すなわち、上述の「システム移行」を適切に行うための体制、スケジュール、リスク対応などを整理して明示することです。
このプロセスでの成果物が「システム移行計画書」です。その内容は、項目としては「システム導入計画書」や「システム運用計画書」と同じことが多いのですが、システム移行の特徴を留意した内容になります。
システム移行計画書の記載内容
システム移行計画書の記述内容は、移行環境や対象システムにより大きく異なります。また、移行作業はシステム開発者と利用者の共同作業が多いので、全体を一つの契約書の形式にするのは不適切です。
それでここでは、「このような内容を記述するすることが望まれる」事項を列挙しました。
- 移行システムの定義と移行方法
移行プロセスで対象とする新システムの範囲、一斉に移行するのか/段階的に移行するのか、旧システムとの並行運用をするのか/しないのかなど
- データの扱い
並行運用期間での新旧システム間でのデータ同期の方法(双方個別に入力するのか/一方の入力から他方の入力データを自動作成するのか)、過去データの保管方法(新システムに合わせて変換するのか/しないのか)などを明確にします。これらは移行作業量を大きく左右します。
- 移行スケジュール
並行運用期間をどう見積もるかがポイントになります。短縮が求められるが、思わぬトラブルのリスクに対処することも重要です。具体的な期日を示すとともに、変更への考え方を示すことが望まれます。
- 移行体制
単に新システムの開発者や利用者だけでなく、旧システムの担当者、新旧システム間のインタフェースの担当者など、関係者が多様なのが特徴です。
- 移行関連資材
移行のために必要なハードウェアやソフトウェア(新旧システム併存で必要なもの、移行のために一時的に必要となるもの)、利用者への説明書類などを列挙します。
(新システムの操作マニュアルなどは計画書とは切り離すのが適切です。計画書では必要となるマニュアル類の列挙、教育訓練の体制やスケジュールなどを記述します。)
- 移行の検証
「新システムが安定し、旧システムが不要になった」ことをどのようにして確認するのか。どのレベルに達したらよいのかなどを記述します。
日次処理の部分は比較的短期間で検証できるが、月末処理や年度処理の確認には長時間かかる。それをどう切り離すのかもポイントになります。
- 移行失敗時の措置
「移行スケジュール」が過ぎたのに「移行の検証」が不十分なときの措置です。完全移行を遅らせるのか/リスク承知で決行するのか/とりあえず旧システムで運用するのかなどについて、基本的な考え方を明示します。それぞれにおけるリスク低減策も望まれます。
クラウド環境への移行プロセス
自社運営のシステムをクラウド環境に移行する(クラウドマイグレーション)の代表的な方式を列挙します。
- リフト&シフト
リフト(lift)では、既存システムをそのままクラウドに持ち込みます。現状のアプリケーションやデータなどはなるべくそのままにしておき、サーバやOSなど動作環境をクラウド環境へ移行します。

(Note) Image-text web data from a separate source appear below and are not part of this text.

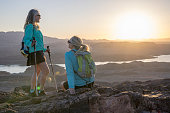 Mature female hikers relax on mountain summit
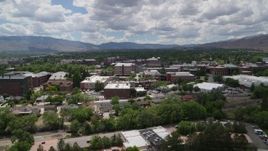 5.7K aerial stock footage a reverse view of buildings on the campus of the University of Nevada in Reno, Nevada Aerial Stock Footage | DX0001_004_017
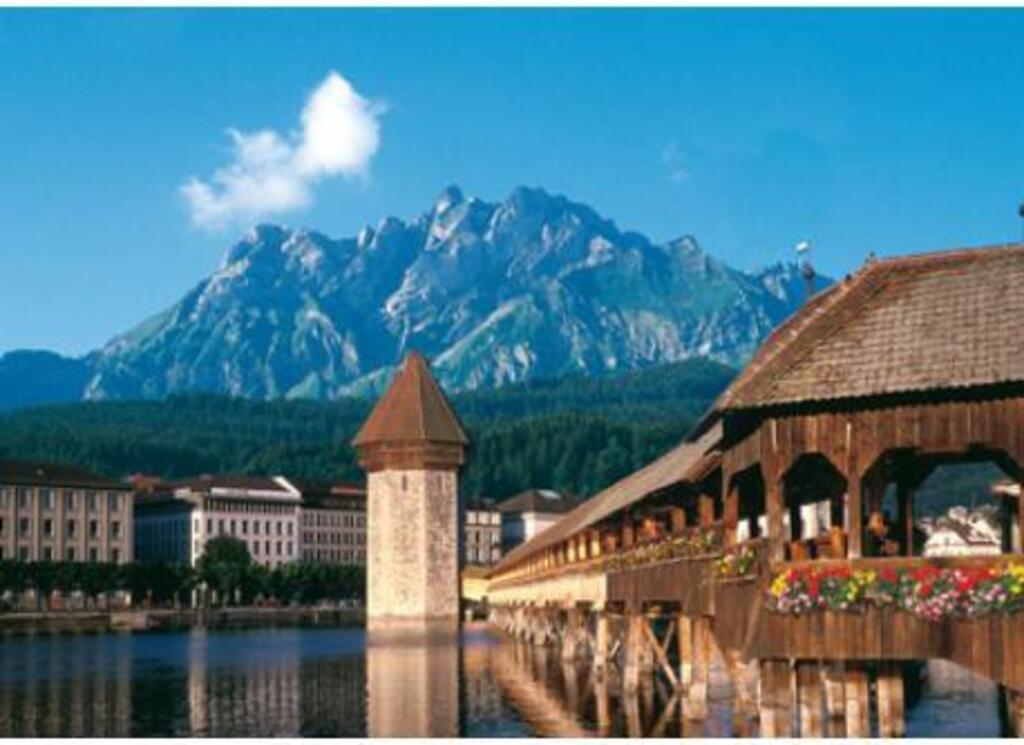 The famous chapelbridge at Lucerne with mount Pilatus.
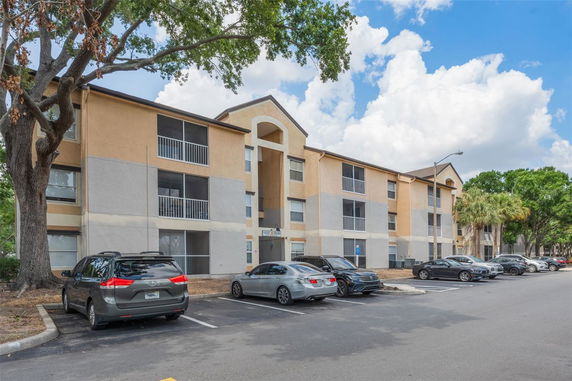Front view of a multi-story apartment building with a parking area in front.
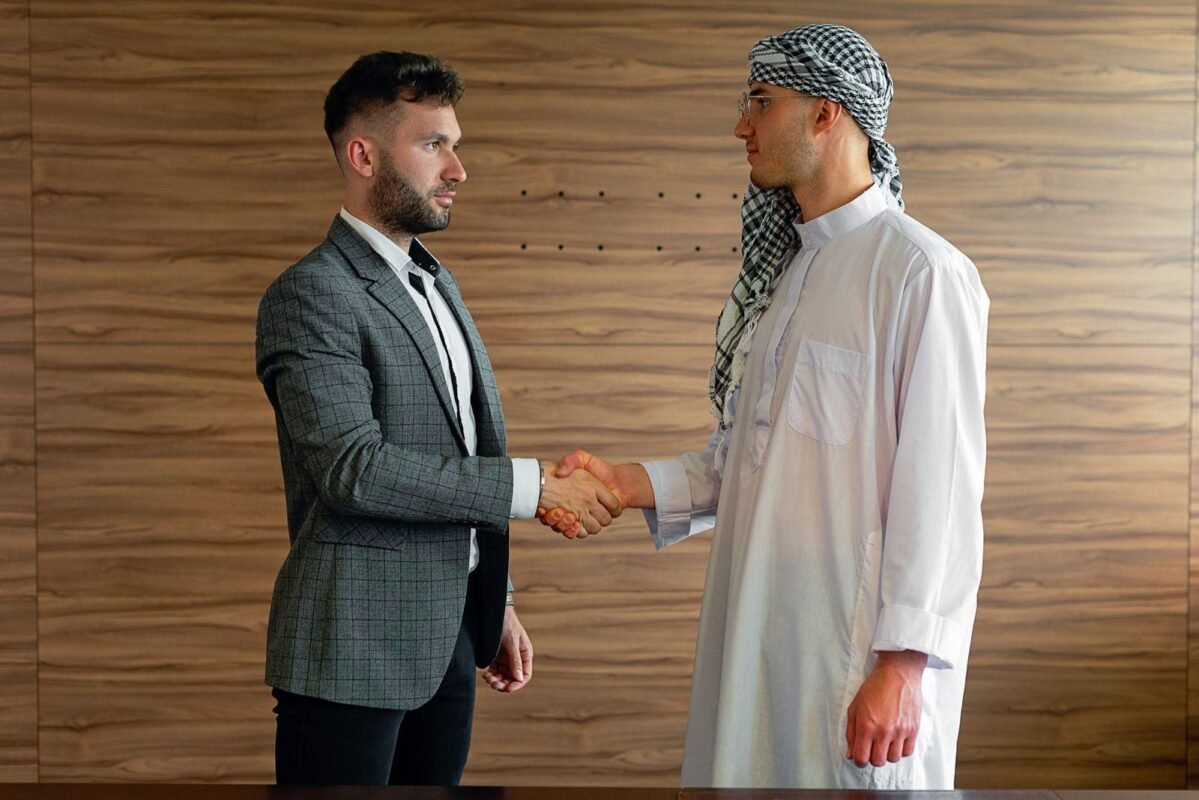 Two businesspeople shaking hands, cross-cultural partnership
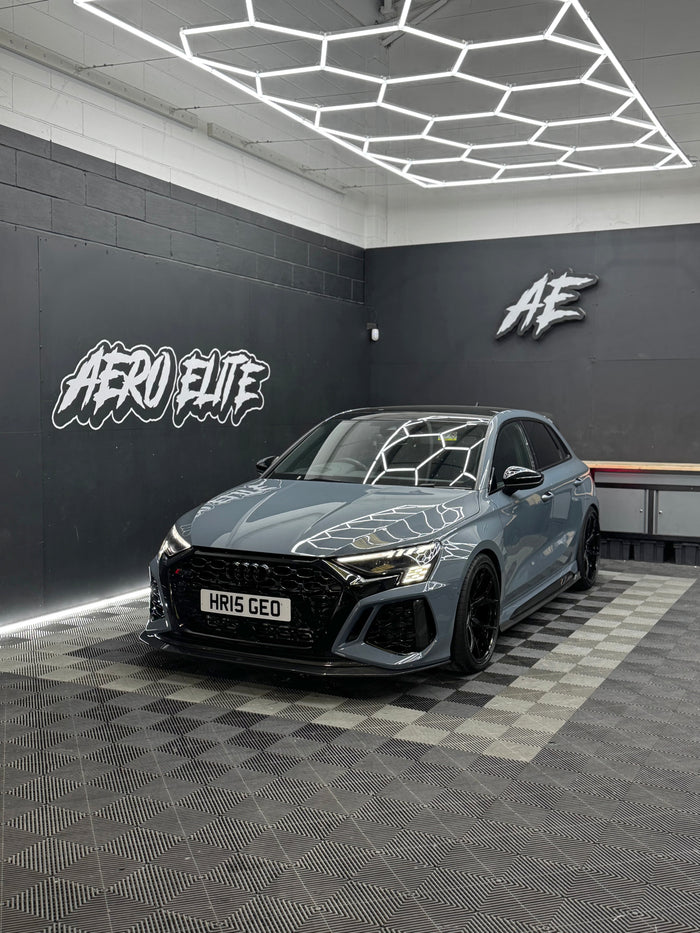 Audi RS3 8Y front three-quarter hero shot with new wheels, splitter and spoiler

シフト(shift)は、漸進的に最適化を進める段階です。
既存資産を最大限に再利用でき、業務への影響を抑えて移行できる利点がありますが、旧システムの制約を超えるシフトが不十分になりクラウドのメリットを最大限に活かすことが進まない欠点があります。
- リファクタリング(再設計)
現行システムを、クラウド環境に適合するよう見直して再設計してから移行する方法です。
- ドロップアンドショップ(再購入)
現行システムの移行をあきらめ、クライド環境に最適なシステムを新規に作成(購入)する方式です。
新環境に最適化したシステムができますが、多くのコストや労力が必要になります。